_ASSIGNED TASK_
Please restate each line of the data below exactly. Omit all images.

_RECORDED INFORMATION_
::::
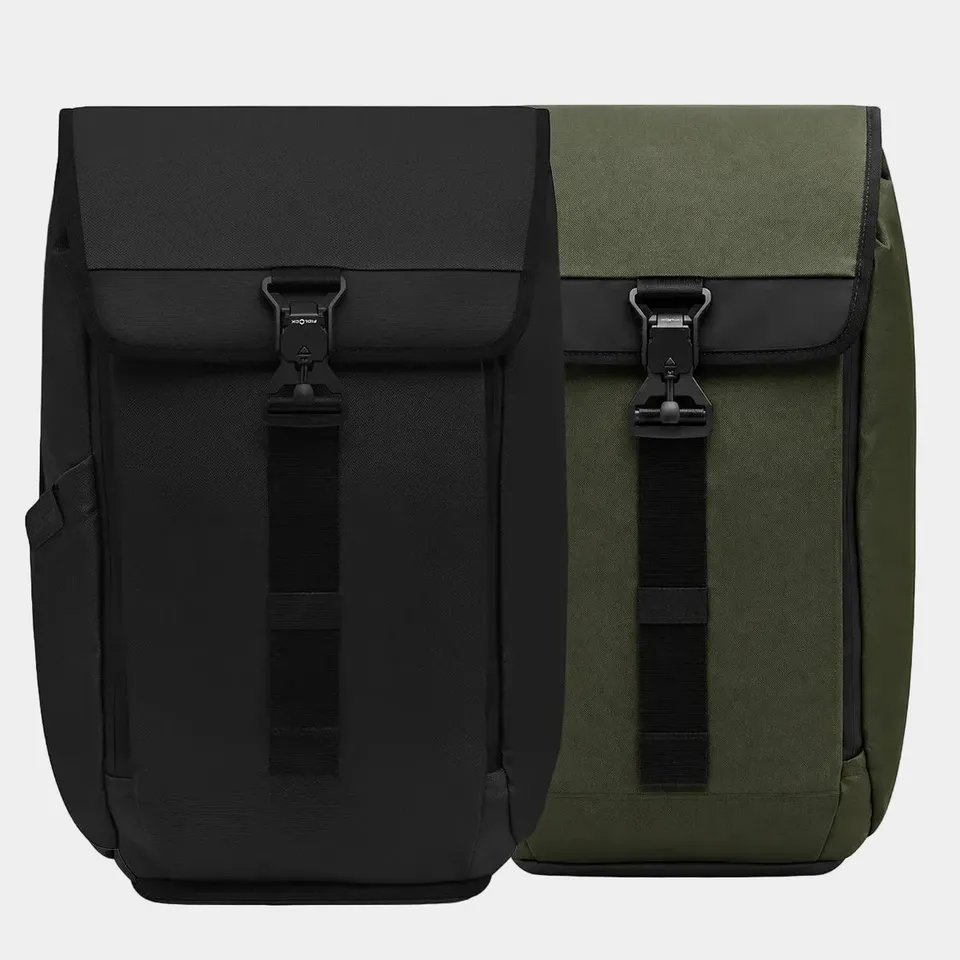 Modern Dayfarer DAYFARER Backpack 24L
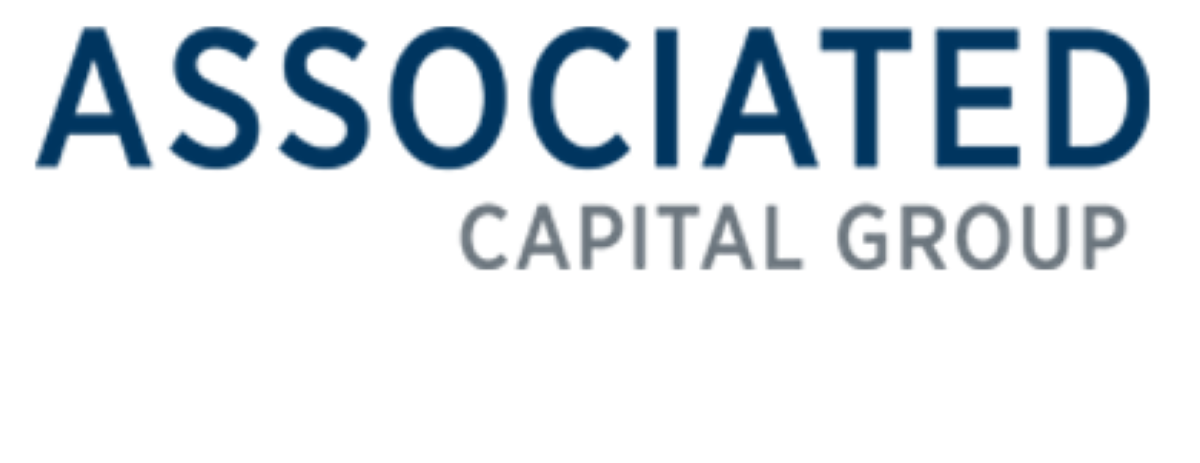 Associated Capital Reports Results For The Third Quarter 2024 | The ...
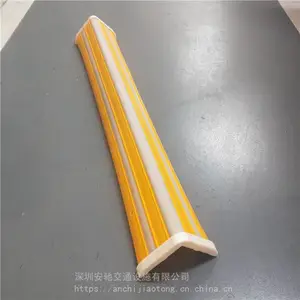 ��Ӧ2020��ͣ�����¿�TPU�Է��⻤�ǣ�������ζ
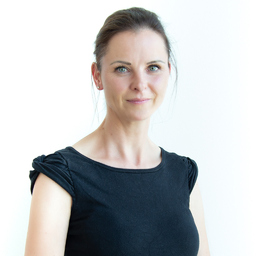Yvonne Richter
::::
_EXPECTED ANSWER_
 Modern Dayfarer DAYFARER Backpack 24L
 Associated Capital Reports Results For The Third Quarter 2024 | The ...
 ��Ӧ2020��ͣ�����¿�TPU�Է��⻤�ǣ�������ζ
Yvonne Richter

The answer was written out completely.